Mugabe’s resignation was announced by the speaker of the country’s parliament, Jacob Mudenda. The BBC reported that Mugabe, 93, released a letter saying he’d made the decision to avoid further unrest and pave the way for a smoother transition of power in the country he’d ruled singlehandedly since it gained its independence in 1980.
The move could bring a rapid end to a crisis that was triggered when the country’s military ousted Mugabe in a bloodless coup last week.
It also came just two days after the ruling ZANU-PF party voted to remove Mugabe as president and head of the party and appointed his former Vice President Emmerson Mnangagwa to succeed him. Mugabe appeared on state television later that night to deliver what many believed would be his formal resignation speech. Instead, the aging leader talked about healing divisions in the country and said nothing about stepping down.
The Zimbabwean parliament responded by opening impeachment proceedings against Mugabe, a process that will now end given his resignation.
In a clear sign of just how much Mugabe’s fortunes had fallen, the BBC said members of parliament cheered when the resignation was announced, and that there were scenes of Zimbabweans dancing in the streets in the capital city of Harare.
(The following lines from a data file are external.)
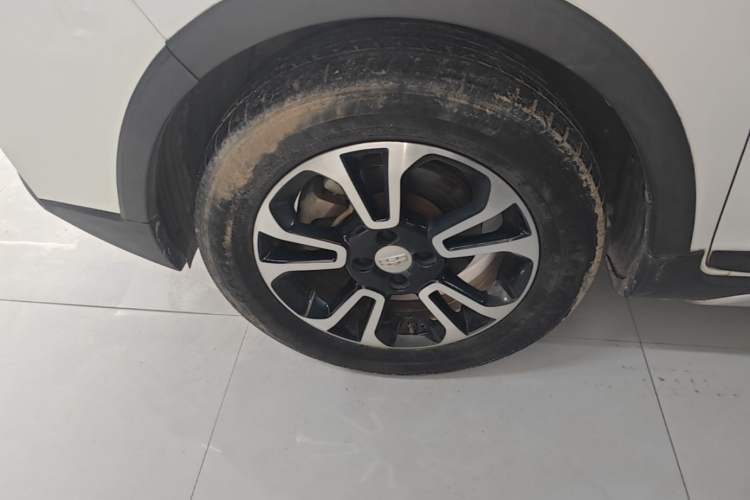 Used Geely Auto Vision X3 2017 1.5L Automatic Elite Model Left Front Wheel Hub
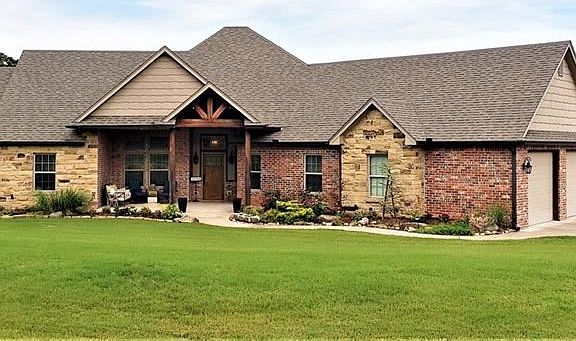 3rd image of 19283 Abigail Dr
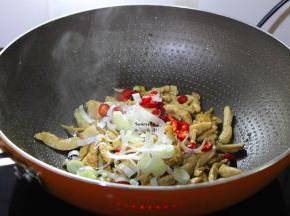 热锅，放盐，倒入拌均好的鸡胸肉，大火爆炒六成熟，然后加热切好的大葱、辣椒，翻炒均匀。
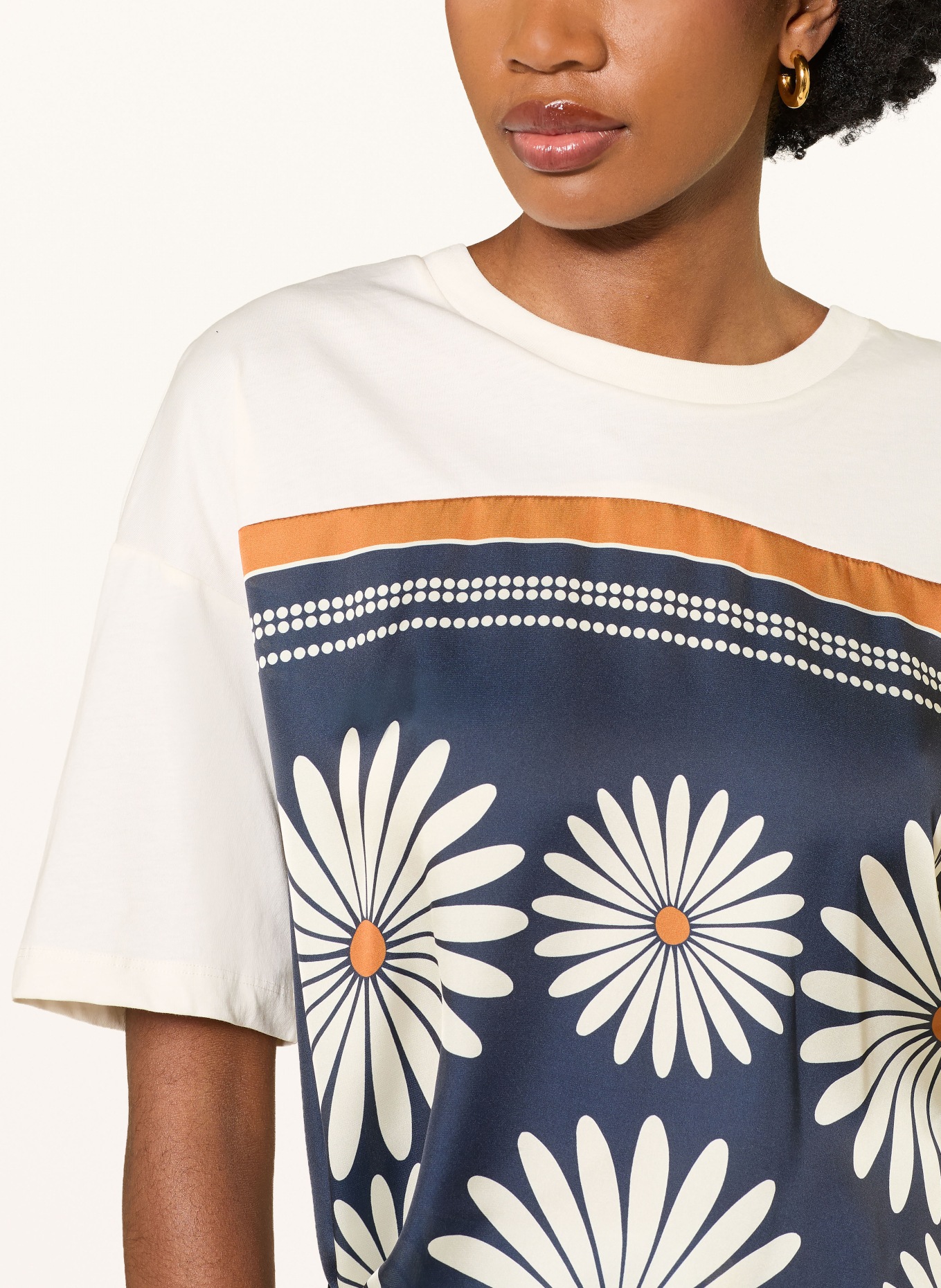 SANDRO Blusenshirt DAISY im Materialmix: DUNKELBLAU / COGNAC / WEISS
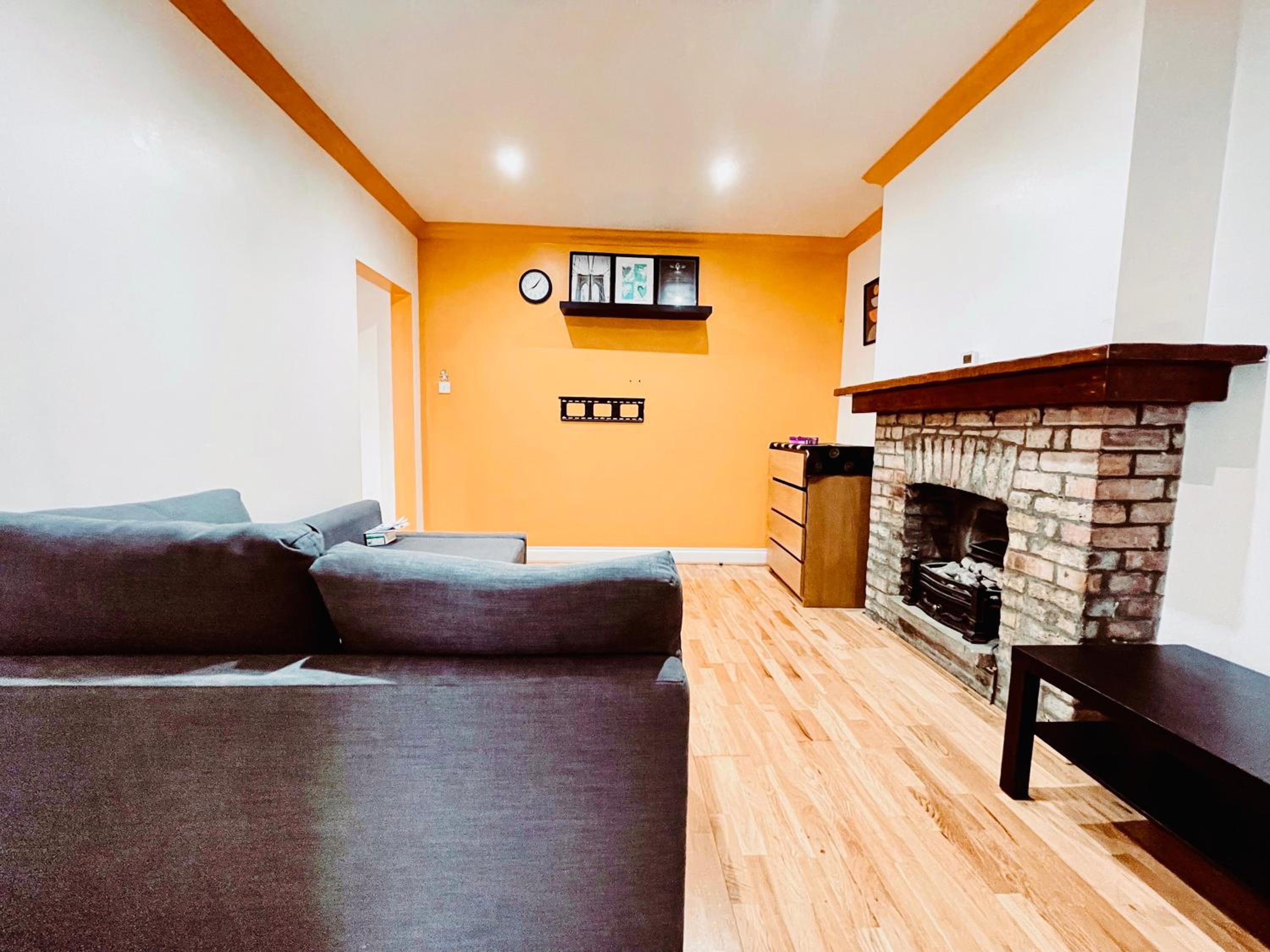 Entire Place,1 Bed room flat, ground floor, garden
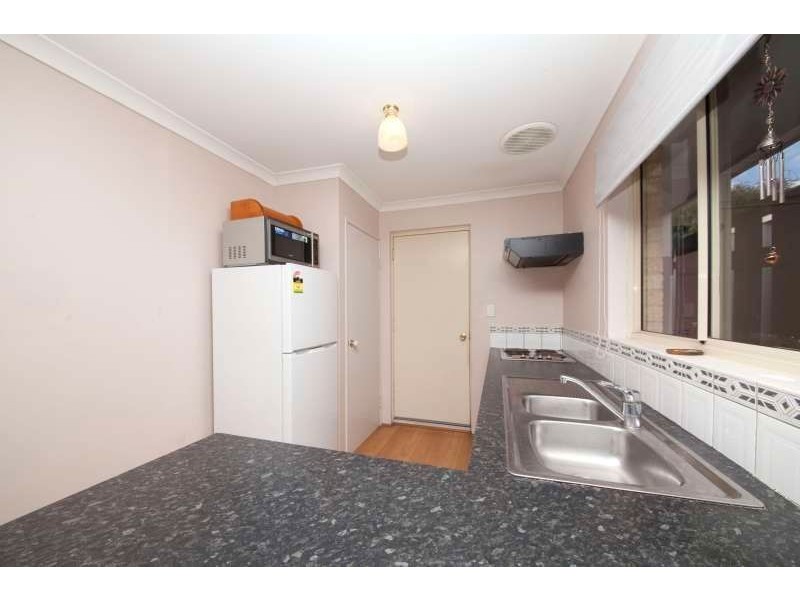 2 Narcissus View, Beeliar WA 6164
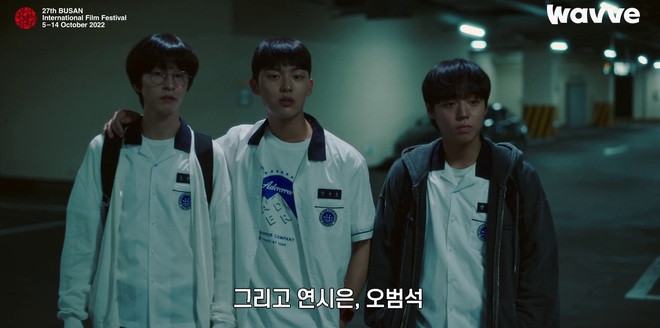 Choi Hyun Wook trong vai nam sinh Ahn Soo Ho trong phim Anh Hùng Yếu Đuối, tiếp nối hình ảnh tươi sáng từ Tuổi 25, Tuổi 21
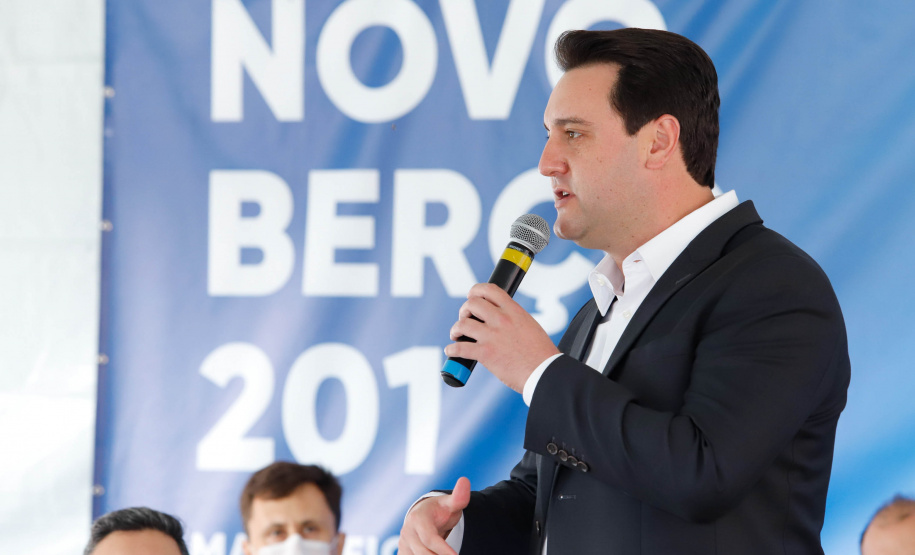 O governador Carlos Massa Ratinho Junior inaugurou nesta terça-feira (21) a obra de ampliação do cais do Porto de Paranaguá, no Litoral do Estado. O berço 201 foi modernizado e o cais de atracação foi prolongado em 100 metros. Os investimentos da empresa pública Portos do Paraná somam R$ 201,7 milhões e vão aumentar em 140% a capacidade atual de movimentação de cargas.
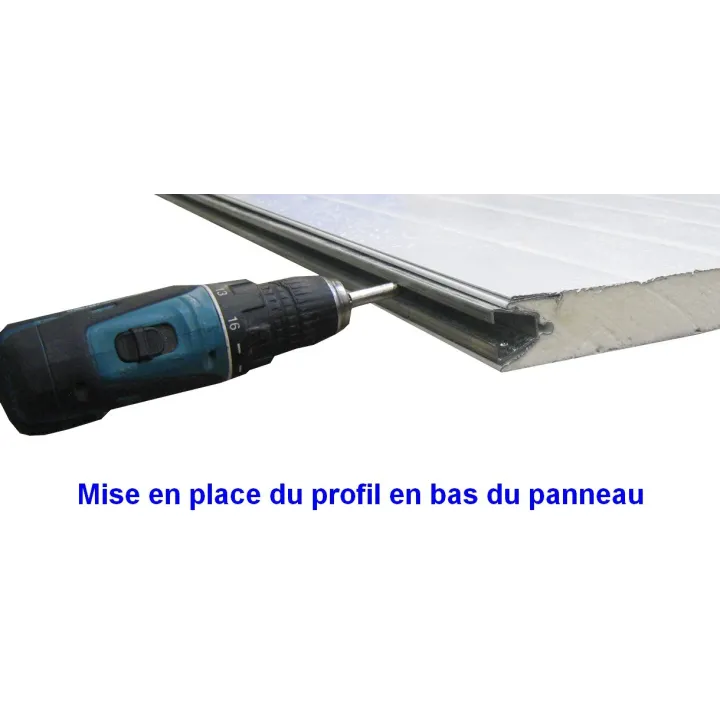 Steel profile Supporting the gasket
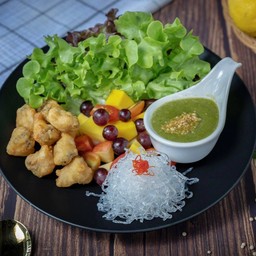 สลัดปลากะพงเส้นแก้ว ซอสซีฟู๊ด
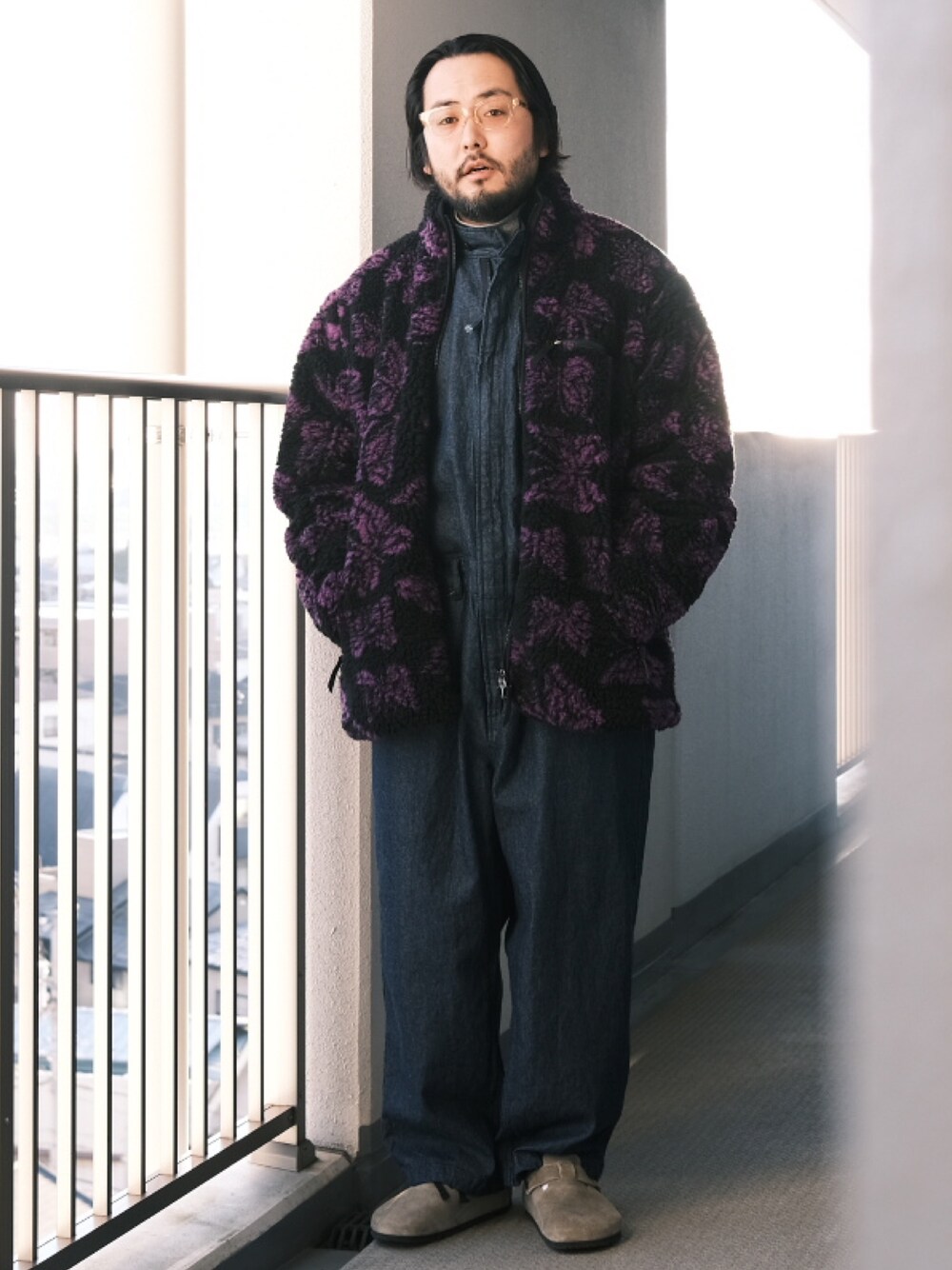 「子供が起きる前に早起きして自撮りおじさん、つなぎ、デニム、ボアジャケット、レザーサンダル、大人カジュアル、オトナカジュアル、メガネ男子、BEAMS」｜「白山眼鏡のアイテム（メガネ、ベージュ系）」を使った、TAKASHI ITOさん（メンズ・169cm）の冬コーディネートの1枚目の写真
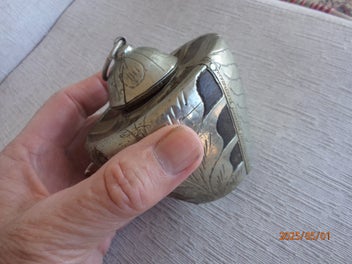 Image 1 of 6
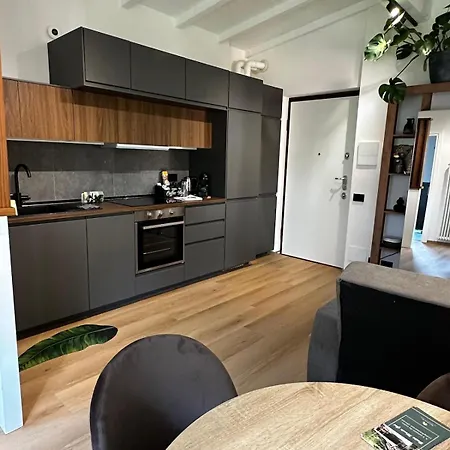 Apartment Como's Hill - Foresta *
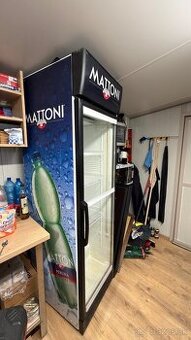 chladnička vitrínová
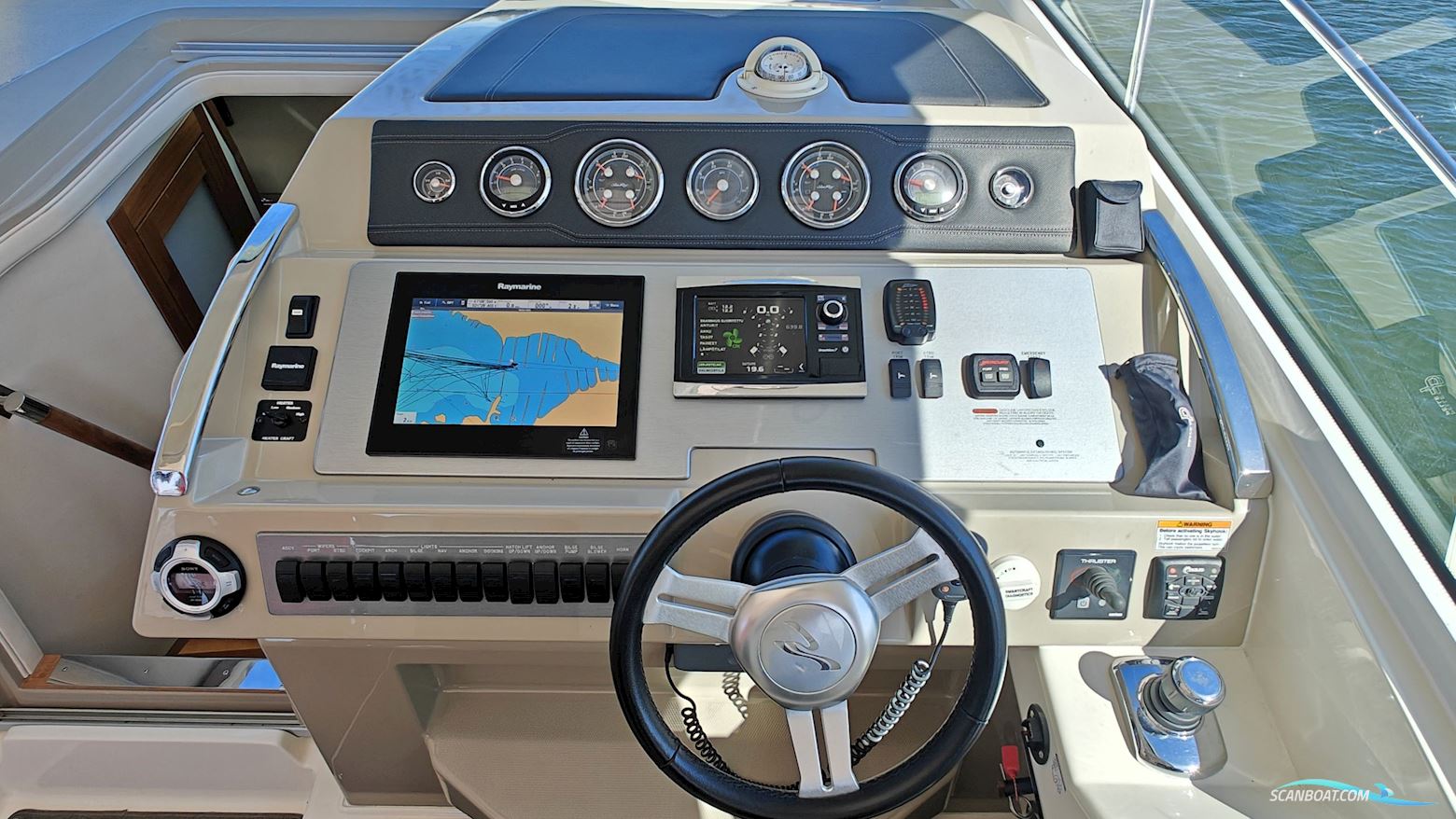 Sea Ray 355 Sundancer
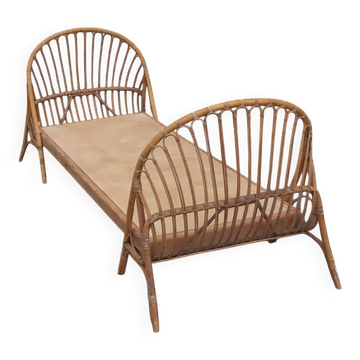 Rattan bed from the 50s/60s.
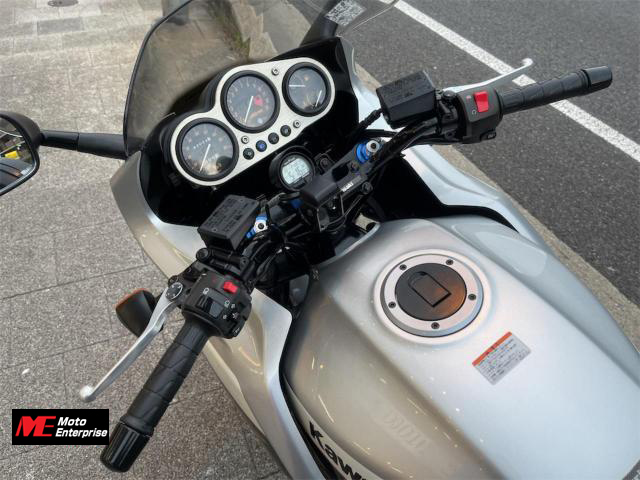 カワサキ ZRX1200S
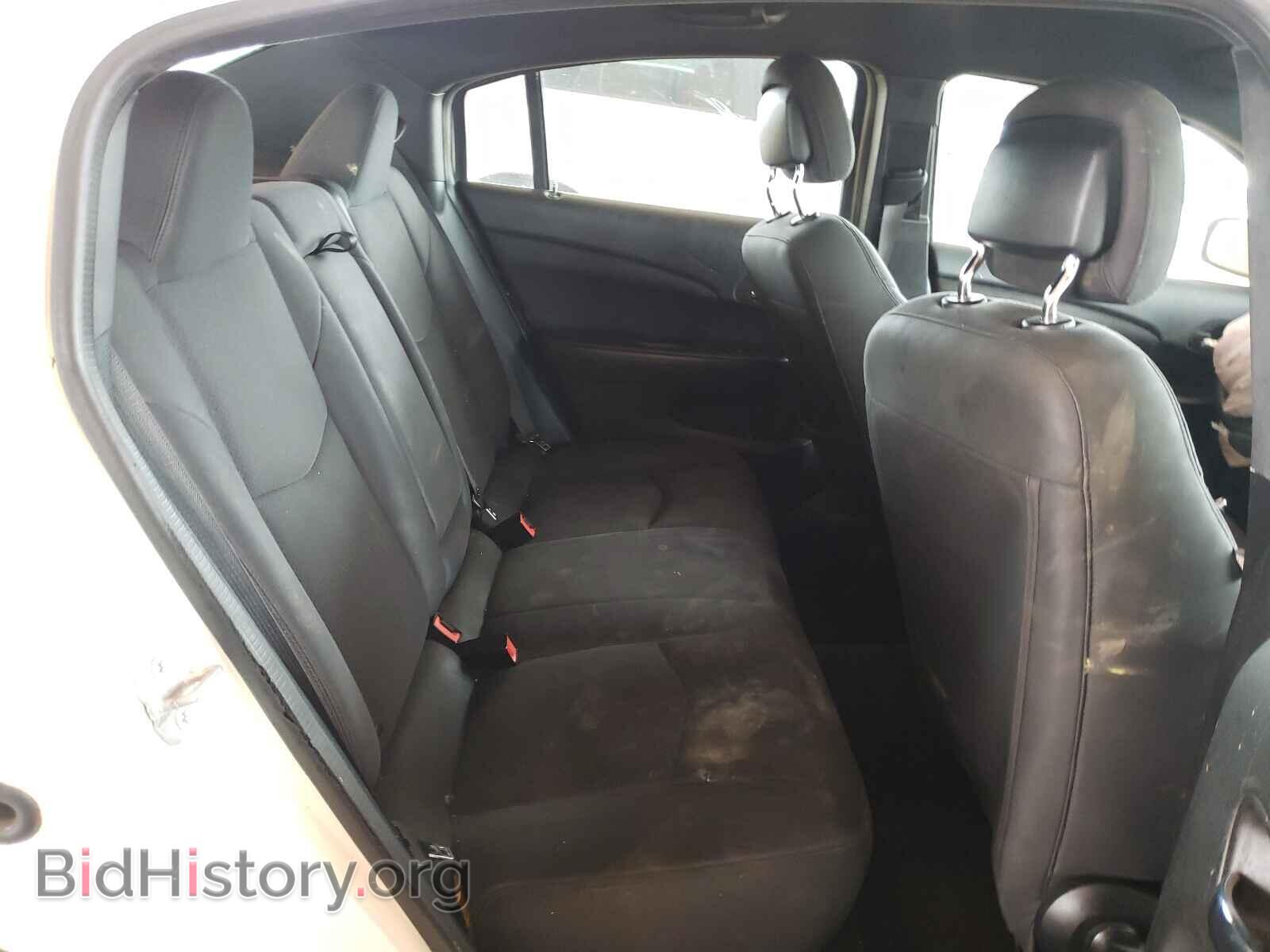 2014 CHRYSLER 200 - VIN: 1C3CCBAB3EN141935 - Фото 6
The former president wasn’t the only member of the Mugabe family facing political pressure. ZANU-PF members had also ousted Zimbabwe’s controversial first lady Grace Mugabe, who many believed was poised to become her husband’s successor.
The crisis in Zimbabwe had looked liked it was about to get even worse
Sunday’s vote came about two weeks after Mugabe fired Mnangagwa, which led to tanks rolling through the streets of Harare while military leaders took over Zimbabwe’s state television and placed Mugabe under house arrest.
Underlying all of this is a power struggle between the Mugabe family and Mnangagwa, who has plenty of military allies. As vice president, Mnangagwa was supposed to be next in line for the presidency. But there was increased speculation that the spot would go to Grace Mugabe, a controversial figure with few friends in the military or the ruling party.
Grace Mugabe has not appeared in public since Wednesday, the New York Times reported.
Mugabe had been in power for 37 years. He became prime minister in 1980, the same year Zimbabwe gained independence from Great Britain. The country was once called the “breadbasket” of the region, but under Mugabe’s rule, Zimbabwe’s economy has declined sharply, in large part due to corruption and government mismanagement.
It’s clear Zimbabwe’s citizens want Mugabe out, but there’s still a lot of uncertainty about the country’s future and whether Mnangagwa or the military represents a real change. Nicknamed the “Crocodile,” the former vice president is widely seen as another ruthless strongman. That’s because he helped carry out many of Mugabe’s policies over the years and participated in a bloody crackdown on a minority ethic group in 1980.
“There is a healthy dose of trepidation because they know that the man who might take over is not Mr. Democracy,” Wilf Mbanga, editor of the online newspaper the Zimbabwean, told the New York Times. “His track record is not impressive. He’s got a messy past. Is he going to clean his act? We don’t know.”